規範的要件の要件事実
「過失」は規範的評価です。
裁判官は、「具体的事実」から当該規範的要件を充足するか否かを判断します。
「過失」自体は、法的判断にほかならず、事実の認定ではありません。
「過失」自体ではなく、「具体的事実」が主要事実です。
訴状に書く「過失の根拠事実」は「具体的事実」(主要事実)であり、訴状に過失の根拠事実=具体的事実を書くのは、立証の目的となる主要事実を明らかにし争点を早期に明確にするためです。

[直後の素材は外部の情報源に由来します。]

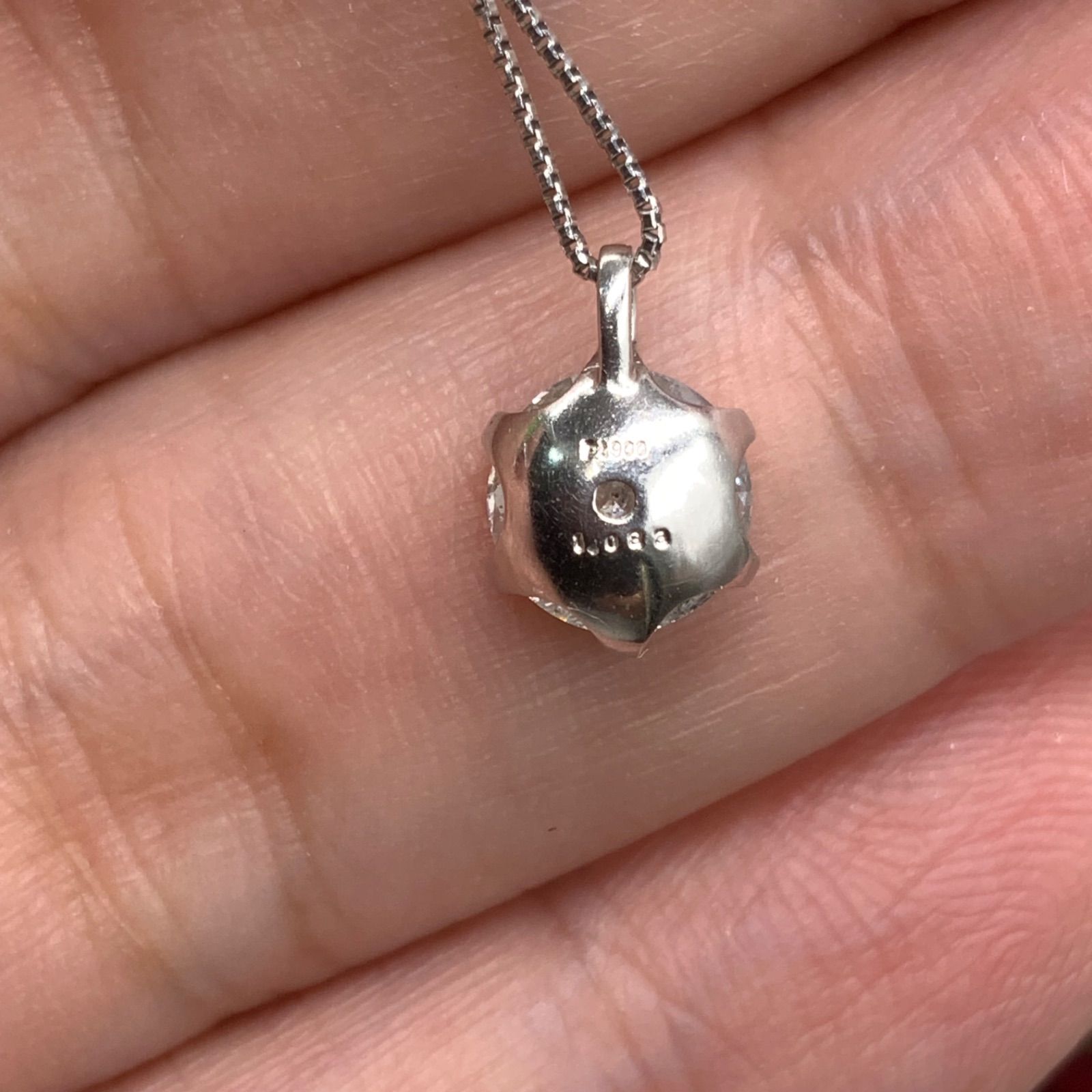 pt850 ダイヤ ネックレス 1ct 2.2g 約51cm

規範的評価の成立を根拠付ける具体的事実を評価根拠事実といいます。
この評価根拠事実と両立し、規範的評価の成立を妨げる事実を評価障害事実といいます。
過失が作為の場合(或る医療行為を行ったことが過失にあたる場合)は、因果関係のある過失を特定することは容易で、その評価根拠事実=具体的事実もわかりやすいことが多いです。一般に医療過誤は手抜きの医師がおかすものというイメージがあるかもしれませんが、実際には或る意味熱心すぎる(適応、リスクーベネフィットを無視する)医師による場合も多いのです。
ところが、過失が不作為の場合(或る医療行為を行わなかったことが過失にあたる場合)は、因果関係のある過失は複数考えられることが多く、複数の過失を主張すると、その評価根拠事実=具体的事実も多くなり、争点を絞り込むのが難しいことも多いです。